Release notes are available here: https://ftp.openbsd.org/pub/OpenBSD/LibreSSL/libressl-3.4.3-relnotes.txt
Salient security fix related excerpt:
" * A malicious certificate can cause an infinite loop. Reported by and fix from Tavis Ormandy and David Benjamin, Google."

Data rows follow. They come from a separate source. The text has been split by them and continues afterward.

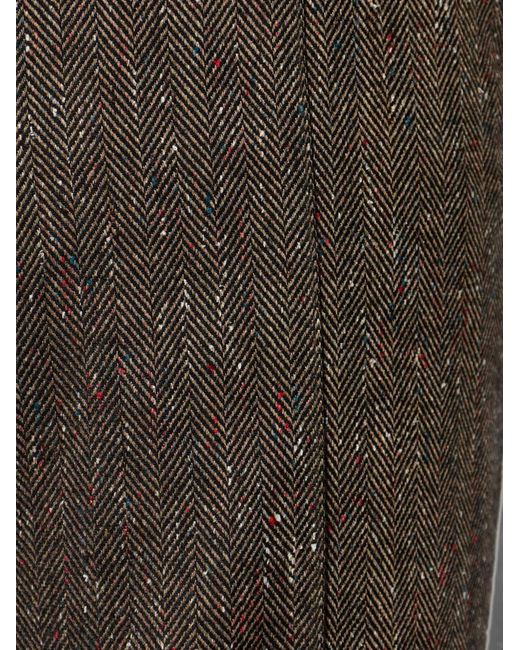 DSquared² Gray Herringbone-Pattern Trousers for men
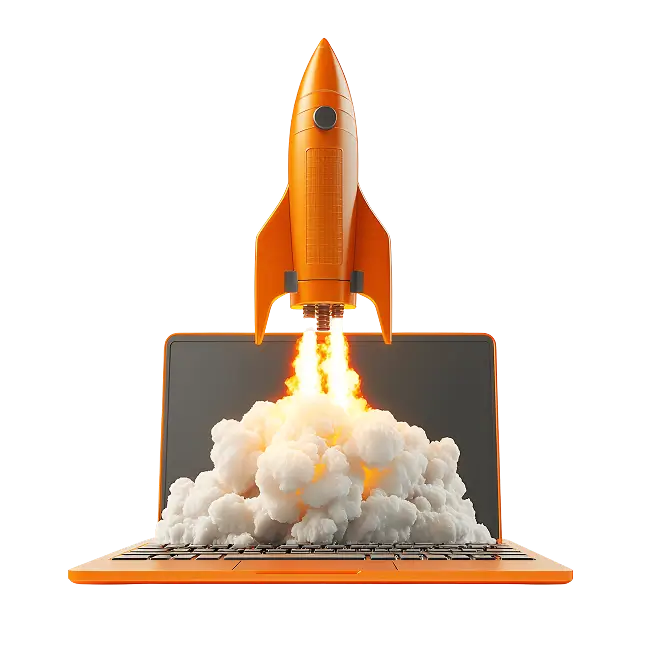 Rocket launching from laptop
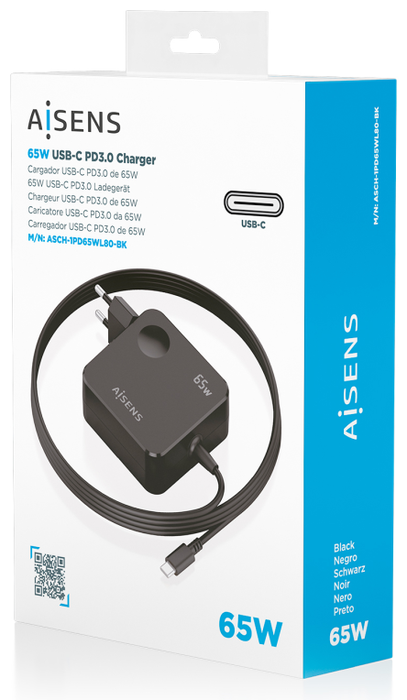 Aisens Cargador de Pared 65W PD3.0 USB-C con Cable 1.5m Negro ASCH-1PD65WL80-BK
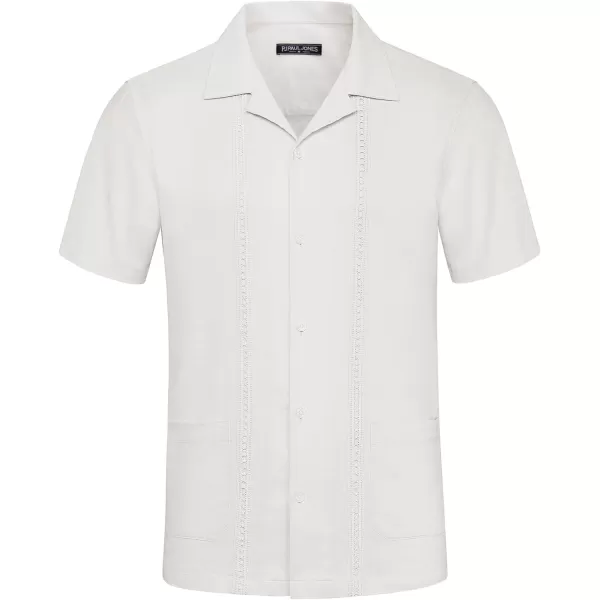 PJ PAUL JONES Mens Casual Button Down Shirts Linen Cuban Guayabera Beach Shirt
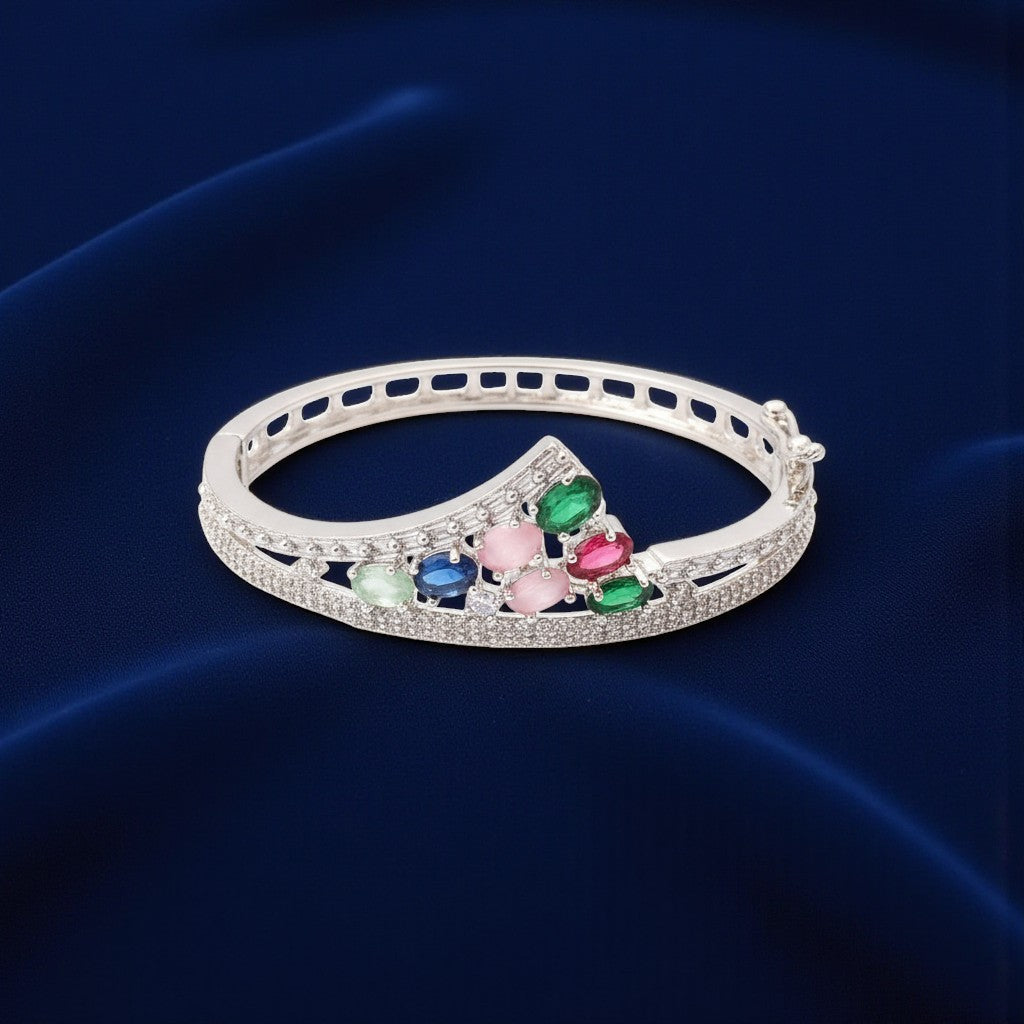 92109-KD Cubic Zirconia Classic Kada With Rhodium Plating-Multi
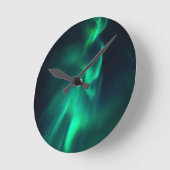 Horloge Ronde Lumières du Nord Aurora Vert (Angle)
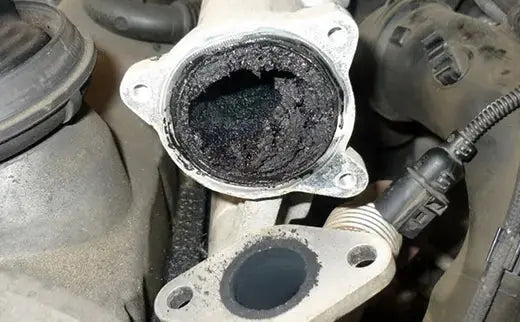 Close-up of engine carbon deposit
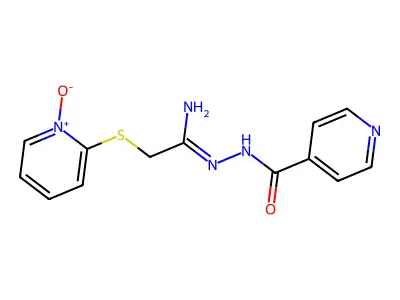 2-{[2-amino-2-(2-isonicotinoylhydrazono)ethyl]sulfanyl}-1-pyridiniumolate structure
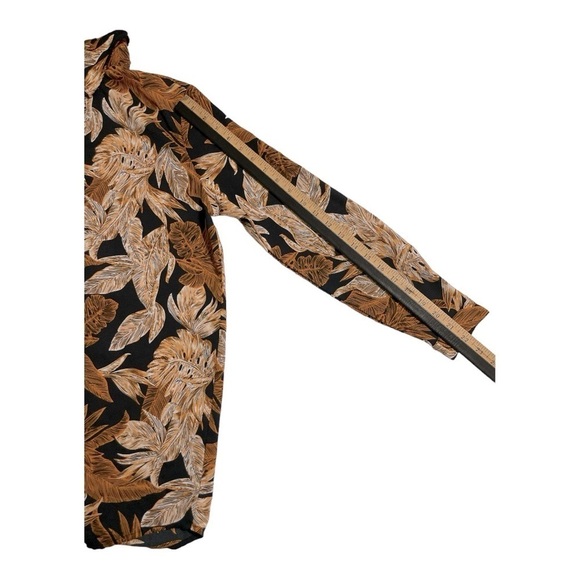 PLT Black Palm Leaf Print Beach Shirt - Picture 7 of 10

I already submitted a PR for libressl-devel to bring it to 3.5.1. I won't be submitted a diff or PR for 3.3.6 (also released on March 15th, 2022, addressing the same security fix) because that is tied more to OpenBSD 6.9 and the OpenBSD development team only "supporting" two older releases due to constraints with developer resources.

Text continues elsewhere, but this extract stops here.